C'est plus compliqué que cela. Comme beaucoup d’autres, ma famille
a des racines de part et d'autre de la frontière linguistique. Les francophones
gantois n’étaient pas tous des oppresseurs du peuple flamand.
C’est ainsi que, avocat soucieux de participer au mouvement d’émancipation
sociale, mon grand-père paternel fut parmi les premiers animateurs de
la Conférence flamande du jeune barreau. Les lectures se faisaient dans
les deux langues. Nous nous sentions aussi Wallons que Flamands.
Comment
vivez-vous alors aujourd’hui les conflits communautaires
qui, à la veille d’une année électorale,
se sont ranimés une nouvelle fois ?
Soyons clairs : les enjeux sont essentiellement financiers.
Les Flamands ont oublié ce que Bruxellois et Wallons leur ont apporté dans le
passé, et ceux-ci ne le font pas assez valoir. Ils reprochent à un
gauchisme dépassé de s’arc-bouter sur des compétences
fédérales pour faire obstacle à des avancées à leurs
yeux essentielles dans des domaines comme la sécurité, la maîtrise
de certaines dépenses publiques, le développement économique.
J’espère que les francophones ne tendront plus la sébile
au détriment des principes. J’aimerais qu’ils aient plus
de fierté, quitte à en payer le prix. Face aux revendications
flamandes, mettons-nous en position de force pour faire valoir notre propre
cahier de charges. Nous pourrons alors discuter d’égal à égal,
et nous retrouver finalement plus unis.
Vous
avez été élève à Sainte-Barbe,
ce fameux collège des Jésuites ? Une expérience
douloureuse ?
Pas du tout. Je suis resté très reconnaissant de l’enseignement
qui m’y a été dispensé. Il était bien moins étriqué qu’on
ne le présente de nos jours.
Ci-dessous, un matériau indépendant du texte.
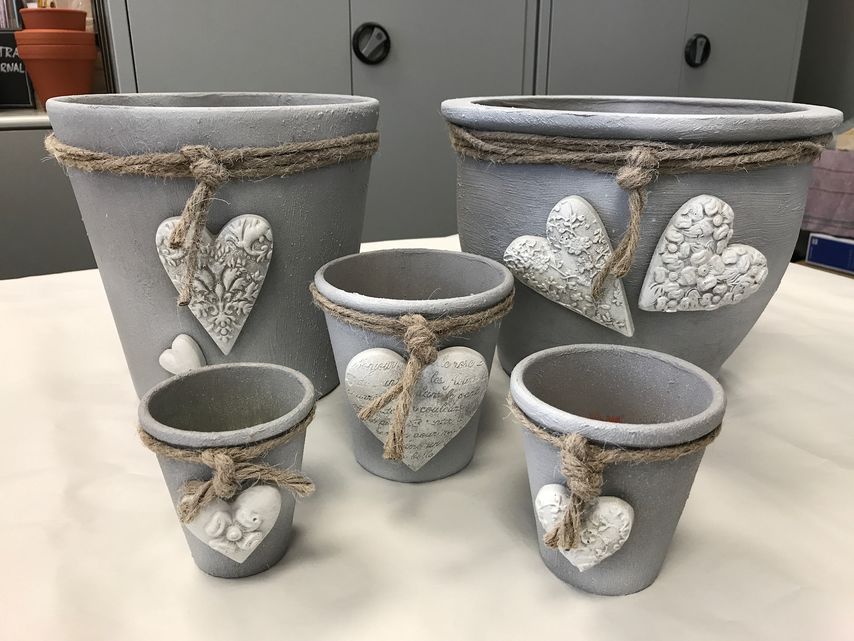 Aus alt mach neu – Terrakottatöpfe im Beton-Look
Je dois notamment aux Jésuites de
m’avoir appris les vertus du libre examen, de ne pas soumettre la pensée à une
autorité extérieure, de n’accepter pour vrai que ce que
l’on reconnaît comme tel par raison ou expérience propre
: la recherche personnelle de la vérité, au-delà de tout
dogme.
Un
grand-père avocat, un père magistrat, votre carrière était
toute tracée ?
J’ai eu la chance d’apprendre le droit en m’amusant. A dix
ans, j'étais fasciné par la vieille machine à écrire
Remington de mon grand-père. C'est difficile aujourd'hui de comprendre
ce que représentait cet outil. Bref, je m’en étais fait
offrir une par Saint-Nicolas. Trois ans plus tard, comme je me débrouillais
assez bien et qu’il voulait me distraire, mon père me proposa
pendant les vacances de Pâques de retranscrire l’un ou l’autre
de ses jugements. Et j'ai pris le pli de cette manière. Dans une atmosphère
de grande proximité entre père et fils. Tant que je suis resté sous
le toit familial, je lui ai servi de secrétaire. Vers quinze ans – la
photocopieuse n’existait pas encore – j'ai aussi transcrit un manuel
consacré aux faillites et aux concordats.
Un
travail qui vous a servi quelques fois depuis…
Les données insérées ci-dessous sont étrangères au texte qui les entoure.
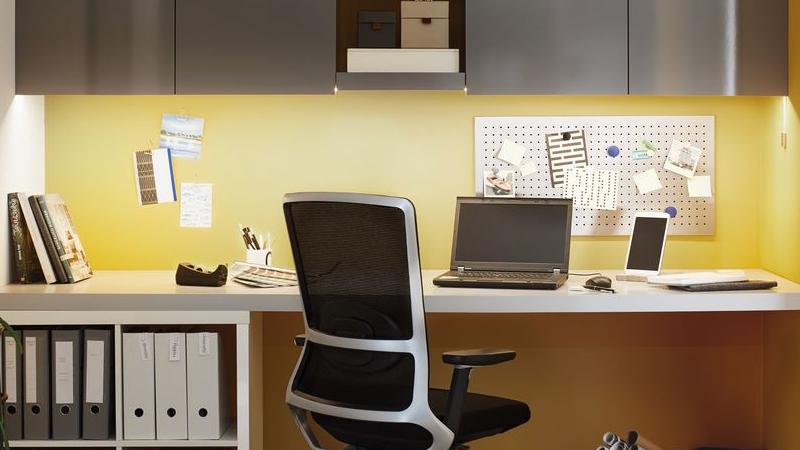 Arbeitszimmer mit Büroleuchten Büroleuchten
En effet. J’ai appris de la sorte, sur le tas, les grands principes du
droit. Je me suis passionné pour le raisonnement juridique et la philosophie.
Et, c'est vrai qu'en entrant à l’Université, j’étais
déjà familier de l’essentiel des notions juridiques. Mes
professeurs imaginaient que je deviendrais à mon tour magistrat. Mais
mon père, qui continuait bénévolement à assister
quotidiennement des indigents, m’avait inculqué la beauté de
la profession d’avocat. Une profession que la guerre et ses misères
l’avaient empêché de poursuivre. Je me sentais donc appelé par
le barreau…
Et
la politique ?
Il y avait à Gand quelques grandes figures de la vie politique de l’époque.
Mon père les côtoyait, lié à eux par son goût
du débat, sinon par des affinités plus proches. Théo Lefèvre,
qui fut le dernier premier ministre à résider effectivement au
Lambermont, entre 1961 et 1965, était son ami. Je jouais avec ses enfants
en vacances à Duinbergen, où je me souviens l’avoir vu
rédiger sa déclaration gouvernementale. Nous y avions le président
du Sénat Paul Struye pour voisin, à la villa Saint-Yves. Je me
rappelle que mon père portait aussi une grande estime à Jean
Van Houtte, premier ministre en 1950, puis ministre des Finances. A une époque
où le rôle linguistique ne limitait pas le champ d’action
des grands professeurs, il enseignait le droit fiscal simultanément à Gand
et à Liège. Je l'ai eu plus tard comme professeur.
Et
puis, il y avait d’autres membres du corps académique
qui étaient eux aussi engagés dans la vie politique.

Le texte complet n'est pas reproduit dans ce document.